====== DATA EXCERPTS
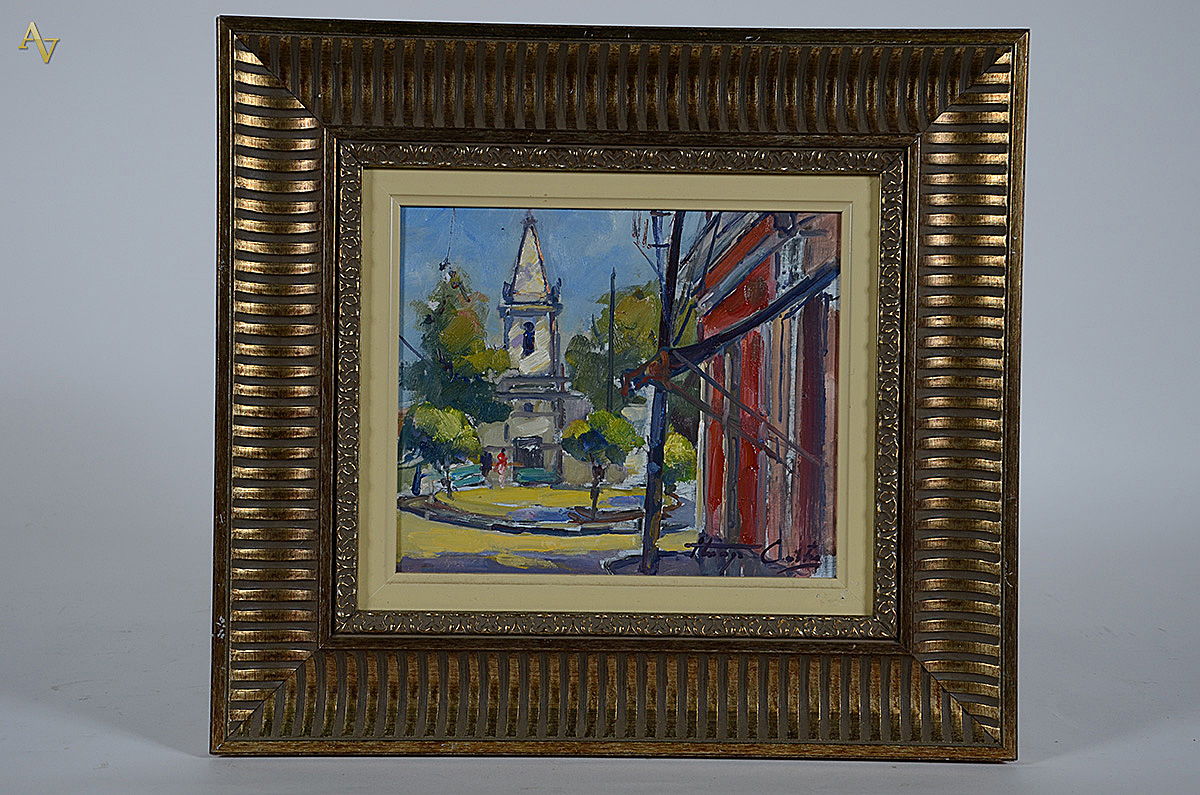 THIAGO CASTRO - Largo das Neves "Santa Tereza" - ose - 30 x 25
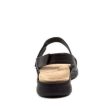 Ziera Benji ~ Tan ~ Black ~ Leather Sandal For Discount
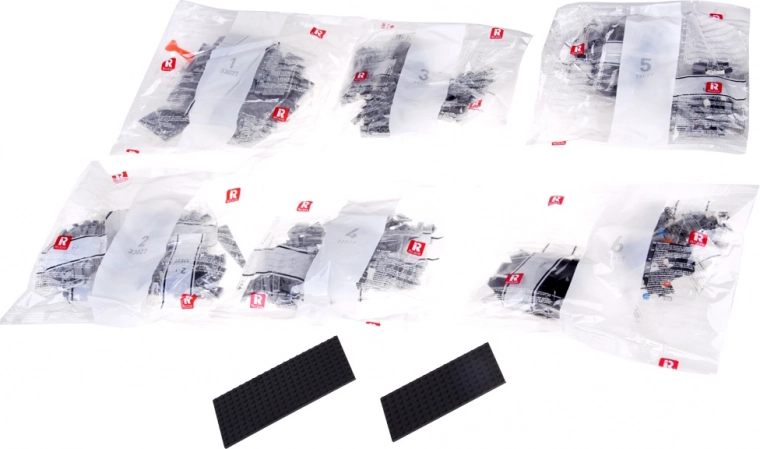 Bustine preclassificate per un montaggio agevole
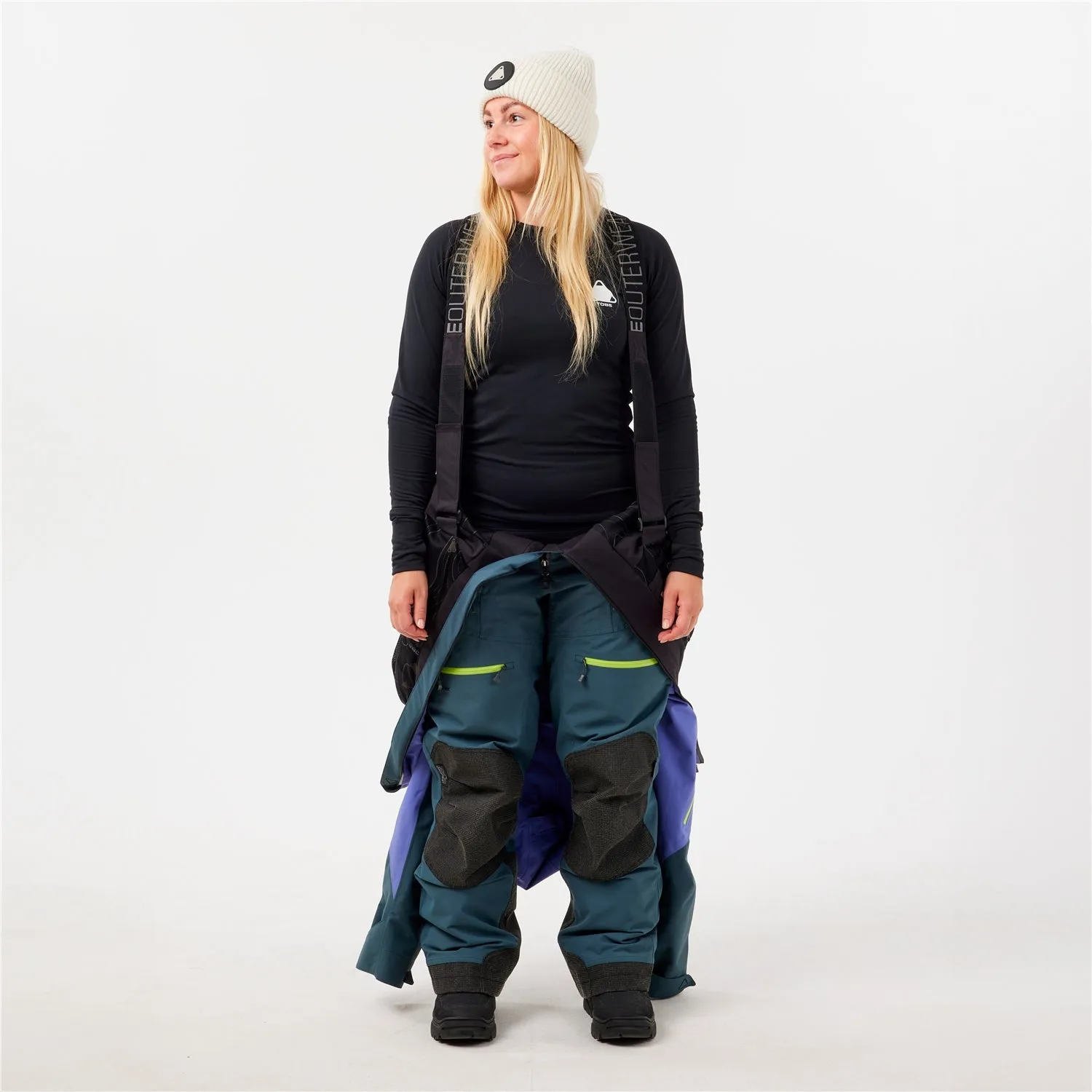 Tobe Womens Ekta Uninsulated Monosuit Shell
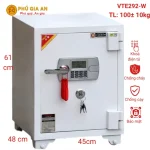 Két sắt Việt Tiệp VTE292-W điện tử màu trắng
============
**EXERCISE BRIEF**
Apart from the images, the entries above must be returned without alteration.

**TASK RESULT**
 THIAGO CASTRO - Largo das Neves "Santa Tereza" - ose - 30 x 25
 Ziera Benji ~ Tan ~ Black ~ Leather Sandal For Discount
 Bustine preclassificate per un montaggio agevole
 Tobe Womens Ekta Uninsulated Monosuit Shell
 Két sắt Việt Tiệp VTE292-W điện tử màu trắng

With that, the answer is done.